A debut album release is typically an exciting time for young musicians—it's the culmination of everything you've worked towards so far, and a world of possibility lies ahead. But for Brisbane art rock band Requin, it spells the end of an era. You might say they called it quits before they even really got started—but the band certainly had their highlights in a short but memorable career, which concludes with the release of their debut album Shark on 18 May. Requin, which itself is French for shark, is a name with an interesting back story that involves a local fish and chip joint and Australia's favourite game show Deal or No Deal. As the story goes, the television screen at the restaurant was caught uncontrollably switching between Deal or No Deal and a French news channel reporting a shark attack (un attaque de requin). The band describe this dichotomy between these two images as reflective of the tension and release throughout their music. The band fuse influences from a myriad of different musical styles, building tension throughout alternating loud and quiet passages. But sadly it seems the concept of tension may have been present in not only the band's music, as they broke up for reasons we can only speculate. They announced their breakup in a social media post just last month, where they also announced the upcoming release of Shark, over a year since it was first teased with the single 'Rules That Won't Be Broken'. "We cannot even begin to express the gratitude we have for the people who made this band and the things we’ve been able to do possible. It is beyond us to think of the kindness, generosity and love we have been shown," the band stated.
"Thank you for being on this journey with us. We’re sending big love to you."

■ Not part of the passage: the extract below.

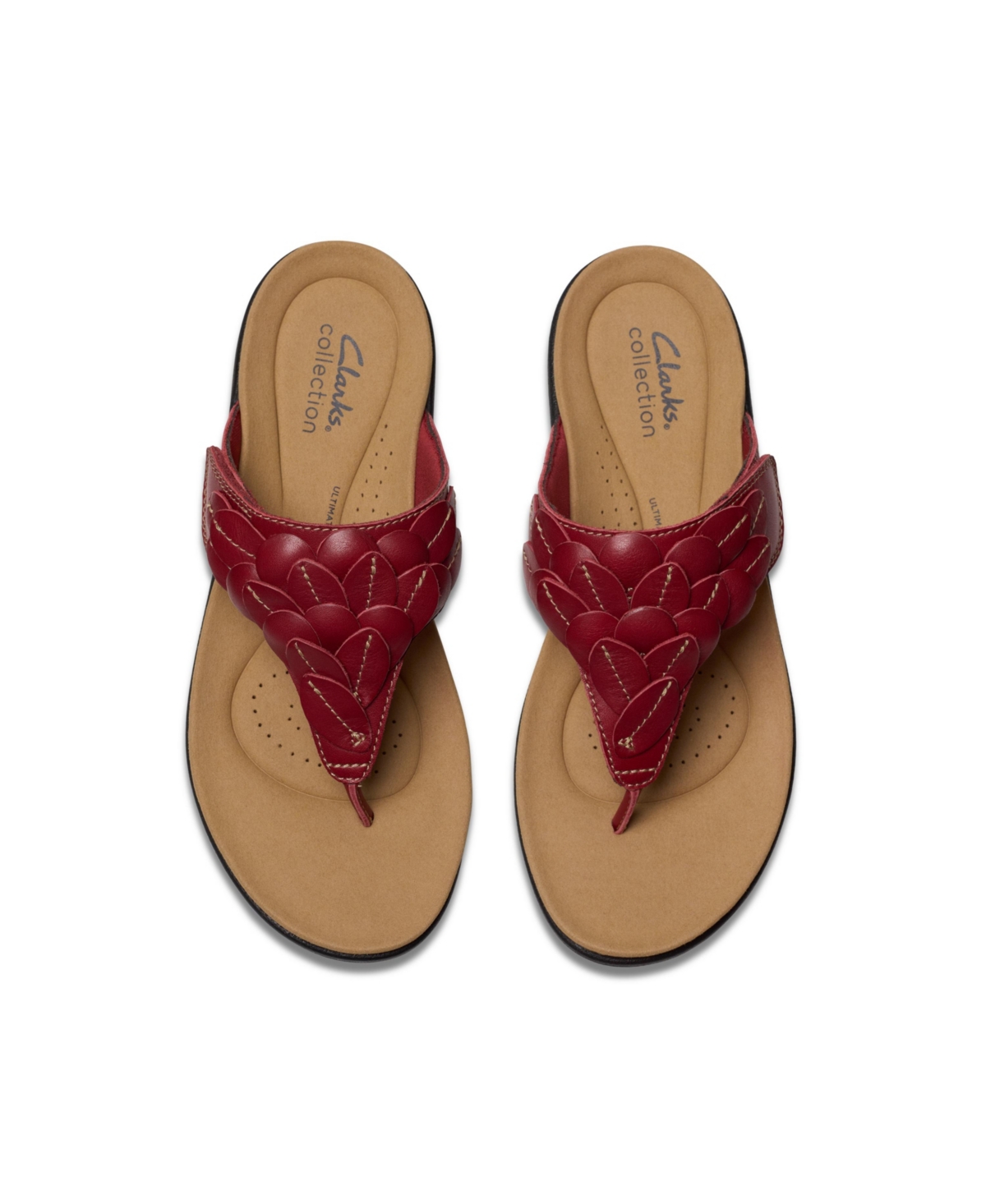 CLARKS COLLECTION WOMEN'S LAURIEANN PALM FLIP-FLOP SANDALS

The band had been doing the rounds and starting to amass something of a cult following in their hometown of Brisbane for the last few years, but they had very little music actually released up until this point. A couple of early singles were followed by the debut EP The Noisy Miners Swoop Him in 2018. But after a long wait for the Requin faithful, Shark will finally release on 18 May. And let me tell you—although bittersweet, it's worth the wait, as the band takes their idiosyncratic sound to dazzling new heights on this record across 8 diverse tracks. Their experimental style, utilising unconventional arrangements and song structures, uncommon time signatures and complex riffs, bears fruit on an album that is perhaps not easily digestible at first, but with repeated listens shines through with exceptional quality. Straight off the bat, the opening track 'Rules That Won't Be Broken' shows that Requin are in fact intent on breaking the rules, as it eschews just about every songwriting convention in the book in a highly enthralling first 5 minutes of the album.
We 'Fall Right Into' the next track and its duet-like structure, with vocalists Fionn Richards and Keeley Young harmonising over the top of one another. The vocal interplay of the two singers prevails throughout the entire album, but on this track it has a particularly shining moment, where the pair share an intimate moment of call-and-response in the song's bridge. The band explores deep vulnerability on the track 'I Don't Want To Do This'. Repeated cries of "I don't want to do this" are possessed by anxiety; the wailing saxophone that follows just accentuates the overwhelming emotions on display. There's a similarly emotive display at the tail end of the album's shortest track 'Man At A Train Station', where Richards' cries of "you were right, I care too much" are accompanied by a cacophony of guitar strums, pounding snares and screeching sax. 'Let Me Sleep' also utilises the sax particularly well, with erratic fills thrown in over the track's slick, mathy guitar riff. 'Time To Go' features gorgeous plucked harmonics and noodle-y math rock riffage, guitar passages that lead up to a huge, crunchy instrumental ending. This instrumentation combined with the subdued melodic vocals would've made this song a classic of the midwest emo scene in the '90s. 'Sober' is perhaps the album's most conventional track, but that is by no means a slight. It's a fairly sobering mid tempo number for the most part, but it steadily builds up to a memorable climax featuring hypnotising distorted guitar tremolos. The record concludes with 'Silent Now', a sprawling, near 7 minute track that, while not as instrumentally loud or intense as some of the album's earlier cuts, progresses beautifully, serving as a fitting conclusion. Despite some really fantastic tracks, it's hard to pick favourites here—every song brings something unique to the table, while they all piece together perfectly in a compact 35 minutes. Although we'll be wishing we could've had more material from Requin, the band really took a quality over quantity approach and as such it's impossible to complain about the small amount we've got. It could have been the start of something really special—but instead, Shark is the perfect swansong for a band that lived and died by the phrase "it's better to burn out than fade away".